The ES (S&P 500 Futures), almost rallied above 1100 today, yet failed again to break through. I am not a technician by any means but this is certainly something to watch. The SPX got to just under 1100, with the VIX down over 2 bucks and the VXX down as much as 1.40. Then the market began to give back some of its gains.
The VXX which represents something that actually DOES have a pattern seems to be on some sort of bottom here. I have been bearish volatility for a long time and rightly so. In an exercise today during the Afternoon Pit Report I showed how a SPY Condor was a better sale one month ago, and how the SPY butterfly was a worse sale on month ago. The falling VXX means the not only is IV coming in, but skew is flattening too. This is something that any trader needs to understand. It also explains why I made my official reversal on butterflies over the last week. One thing to note, with a flat skew, there is 0 reason not to cover the delta on a butterfly, it costs less and is also less likely to hit the accordion crunch as the underlying runs up.

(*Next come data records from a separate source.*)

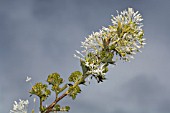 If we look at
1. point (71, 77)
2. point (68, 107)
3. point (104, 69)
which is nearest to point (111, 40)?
point (104, 69)

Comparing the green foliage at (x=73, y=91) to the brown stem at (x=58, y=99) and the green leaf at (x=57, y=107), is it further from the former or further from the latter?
the green leaf at (x=57, y=107)

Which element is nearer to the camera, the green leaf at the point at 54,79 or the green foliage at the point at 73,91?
the green foliage at the point at 73,91

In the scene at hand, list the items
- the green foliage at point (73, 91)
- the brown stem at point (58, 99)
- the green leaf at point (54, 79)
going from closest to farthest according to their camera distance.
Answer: the brown stem at point (58, 99)
the green foliage at point (73, 91)
the green leaf at point (54, 79)

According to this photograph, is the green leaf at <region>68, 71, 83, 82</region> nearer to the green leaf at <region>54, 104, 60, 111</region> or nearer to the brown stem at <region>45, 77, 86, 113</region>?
the brown stem at <region>45, 77, 86, 113</region>

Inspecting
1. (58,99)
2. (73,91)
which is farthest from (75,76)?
(58,99)

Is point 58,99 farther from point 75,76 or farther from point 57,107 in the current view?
Answer: point 75,76

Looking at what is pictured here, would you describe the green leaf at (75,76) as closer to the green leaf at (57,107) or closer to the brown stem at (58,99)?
the brown stem at (58,99)

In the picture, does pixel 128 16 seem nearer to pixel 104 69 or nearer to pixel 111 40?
pixel 111 40

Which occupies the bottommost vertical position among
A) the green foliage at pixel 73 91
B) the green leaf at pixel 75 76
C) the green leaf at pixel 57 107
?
the green leaf at pixel 57 107

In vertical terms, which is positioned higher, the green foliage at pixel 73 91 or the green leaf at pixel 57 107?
the green foliage at pixel 73 91

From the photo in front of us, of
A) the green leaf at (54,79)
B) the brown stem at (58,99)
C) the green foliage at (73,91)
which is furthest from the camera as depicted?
the green leaf at (54,79)

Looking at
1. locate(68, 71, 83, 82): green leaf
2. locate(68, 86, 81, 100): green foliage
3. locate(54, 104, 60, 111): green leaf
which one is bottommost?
locate(54, 104, 60, 111): green leaf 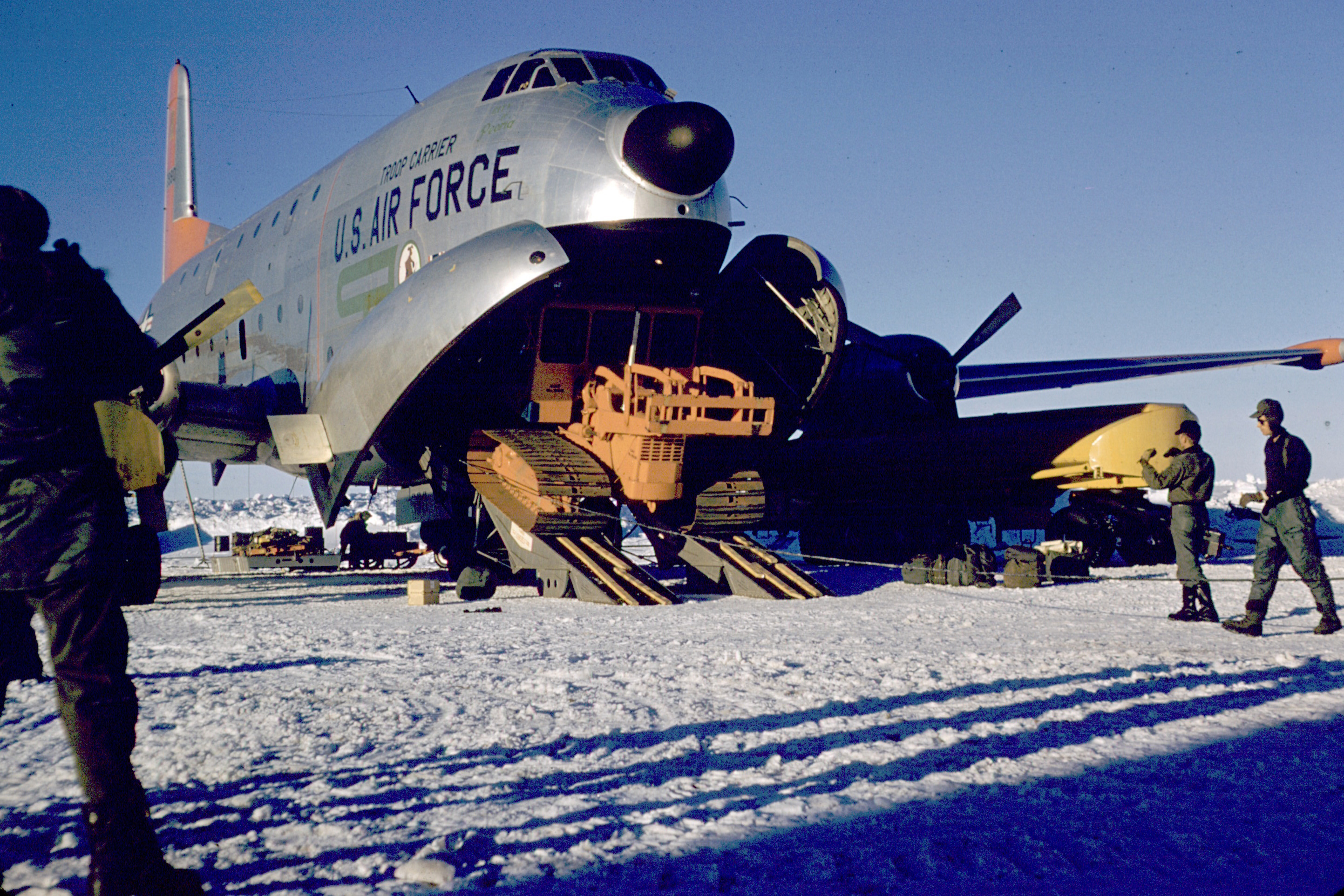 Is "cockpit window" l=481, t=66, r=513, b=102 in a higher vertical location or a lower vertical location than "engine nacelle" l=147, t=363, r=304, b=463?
higher

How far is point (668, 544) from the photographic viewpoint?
1144 cm

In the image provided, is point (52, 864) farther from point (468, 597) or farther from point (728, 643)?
point (468, 597)

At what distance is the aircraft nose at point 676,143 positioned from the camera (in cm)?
917

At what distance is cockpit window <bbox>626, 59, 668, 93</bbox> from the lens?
35.0 ft

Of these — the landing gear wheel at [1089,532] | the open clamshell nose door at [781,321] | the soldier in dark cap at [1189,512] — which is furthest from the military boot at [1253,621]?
the landing gear wheel at [1089,532]

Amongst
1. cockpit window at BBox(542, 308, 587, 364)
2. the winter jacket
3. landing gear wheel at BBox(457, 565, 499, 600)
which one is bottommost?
landing gear wheel at BBox(457, 565, 499, 600)

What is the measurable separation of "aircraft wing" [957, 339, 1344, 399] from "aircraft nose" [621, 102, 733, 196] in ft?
28.1

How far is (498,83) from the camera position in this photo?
1077 centimetres

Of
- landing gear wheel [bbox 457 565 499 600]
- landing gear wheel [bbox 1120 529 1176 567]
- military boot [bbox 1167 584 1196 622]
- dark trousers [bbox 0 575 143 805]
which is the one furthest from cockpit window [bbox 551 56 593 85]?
landing gear wheel [bbox 1120 529 1176 567]

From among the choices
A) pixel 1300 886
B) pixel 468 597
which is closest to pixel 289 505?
pixel 468 597

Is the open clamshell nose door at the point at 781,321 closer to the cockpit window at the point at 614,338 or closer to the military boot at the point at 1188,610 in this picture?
the cockpit window at the point at 614,338

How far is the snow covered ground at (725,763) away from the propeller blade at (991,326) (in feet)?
25.8

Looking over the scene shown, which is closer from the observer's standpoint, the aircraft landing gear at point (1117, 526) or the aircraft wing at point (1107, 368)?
the aircraft landing gear at point (1117, 526)

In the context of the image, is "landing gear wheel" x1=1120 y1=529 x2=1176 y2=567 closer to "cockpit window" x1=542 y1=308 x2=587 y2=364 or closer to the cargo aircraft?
the cargo aircraft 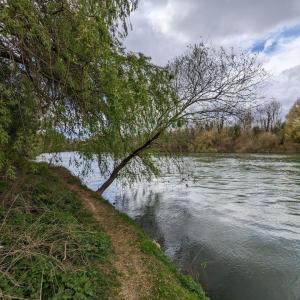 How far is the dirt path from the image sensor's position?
15.9ft

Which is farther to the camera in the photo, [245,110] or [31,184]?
[245,110]

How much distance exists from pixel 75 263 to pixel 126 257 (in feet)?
4.28

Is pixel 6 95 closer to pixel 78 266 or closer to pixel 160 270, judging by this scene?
pixel 78 266

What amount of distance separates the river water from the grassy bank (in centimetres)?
184

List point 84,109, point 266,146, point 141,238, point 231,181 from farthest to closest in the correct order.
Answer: point 266,146 < point 231,181 < point 141,238 < point 84,109

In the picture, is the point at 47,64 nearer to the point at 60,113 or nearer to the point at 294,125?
the point at 60,113

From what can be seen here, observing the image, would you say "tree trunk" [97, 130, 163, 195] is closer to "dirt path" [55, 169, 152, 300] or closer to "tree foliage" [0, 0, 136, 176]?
"dirt path" [55, 169, 152, 300]

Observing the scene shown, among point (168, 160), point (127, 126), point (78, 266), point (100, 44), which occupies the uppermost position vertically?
point (100, 44)

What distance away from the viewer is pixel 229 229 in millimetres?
11055

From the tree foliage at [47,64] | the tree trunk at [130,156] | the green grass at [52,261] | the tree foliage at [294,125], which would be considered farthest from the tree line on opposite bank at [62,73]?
the tree foliage at [294,125]

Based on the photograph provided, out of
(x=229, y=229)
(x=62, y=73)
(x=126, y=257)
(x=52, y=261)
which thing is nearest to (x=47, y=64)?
(x=62, y=73)

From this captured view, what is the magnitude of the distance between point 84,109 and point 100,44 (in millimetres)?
1229

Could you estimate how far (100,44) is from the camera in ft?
16.1

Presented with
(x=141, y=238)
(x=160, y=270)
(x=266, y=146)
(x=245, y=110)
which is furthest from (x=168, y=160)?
(x=266, y=146) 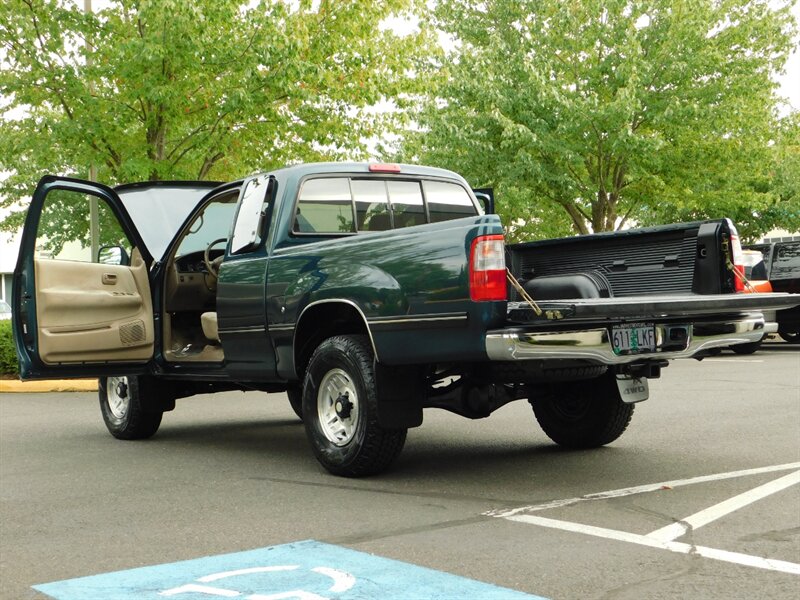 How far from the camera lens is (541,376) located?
6.75 metres

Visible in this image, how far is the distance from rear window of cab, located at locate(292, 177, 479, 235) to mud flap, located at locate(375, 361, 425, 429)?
1512mm

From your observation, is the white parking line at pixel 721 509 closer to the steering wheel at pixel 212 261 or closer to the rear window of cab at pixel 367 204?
the rear window of cab at pixel 367 204

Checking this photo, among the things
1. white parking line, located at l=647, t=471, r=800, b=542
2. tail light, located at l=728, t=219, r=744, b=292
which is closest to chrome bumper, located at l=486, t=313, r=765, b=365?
tail light, located at l=728, t=219, r=744, b=292

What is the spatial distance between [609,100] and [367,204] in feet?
64.4

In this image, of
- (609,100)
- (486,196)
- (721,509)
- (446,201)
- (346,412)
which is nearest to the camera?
(721,509)

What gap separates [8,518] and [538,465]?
3506 mm

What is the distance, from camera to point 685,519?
558 centimetres

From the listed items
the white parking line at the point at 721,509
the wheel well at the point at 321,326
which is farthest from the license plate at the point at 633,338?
the wheel well at the point at 321,326

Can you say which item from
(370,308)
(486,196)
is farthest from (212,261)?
(370,308)

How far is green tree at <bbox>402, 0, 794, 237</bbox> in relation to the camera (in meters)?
24.9

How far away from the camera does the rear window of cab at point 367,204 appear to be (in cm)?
777

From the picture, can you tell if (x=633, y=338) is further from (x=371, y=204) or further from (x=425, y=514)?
(x=371, y=204)

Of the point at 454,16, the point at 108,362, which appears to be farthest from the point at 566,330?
the point at 454,16

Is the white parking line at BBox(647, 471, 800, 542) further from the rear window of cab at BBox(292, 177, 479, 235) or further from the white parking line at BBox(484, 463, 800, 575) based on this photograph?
the rear window of cab at BBox(292, 177, 479, 235) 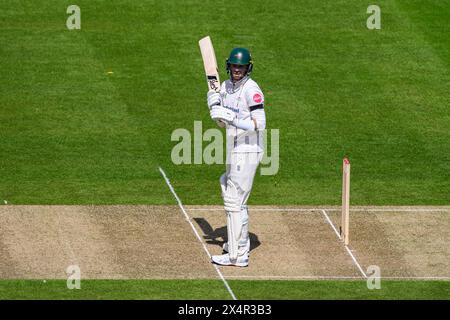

Now that the market has hit the 1100 I think we sell off, we may get another push form MSFT tonight (although I doubt it). Rather than put on some bear spread on the SPX, I thought it would be fun to enter some sort of bullish spread in the VXX. I have a few ideas in mind as to the trade I might enter which I will do tomorrow (assuming the market does not drop out from under me).
However, rather than me picking the trade, I would love a few ideas from you readers. Send me a bearish trade in the VXX. The top two trades will be entered (separately). We will follow them on the blog. The two traders will receive all sorts of kudos from me and the winners will each receive a one year subscription to Expiring Monthly: The Option Traders Journal. Entries will be judged on uniqueness, profitability, and of course, which ones I like the best. Have at it traders
Get those entries in by tomorrow at 3:45 EDT Tomorrow! Email them to me Mark@option911.com.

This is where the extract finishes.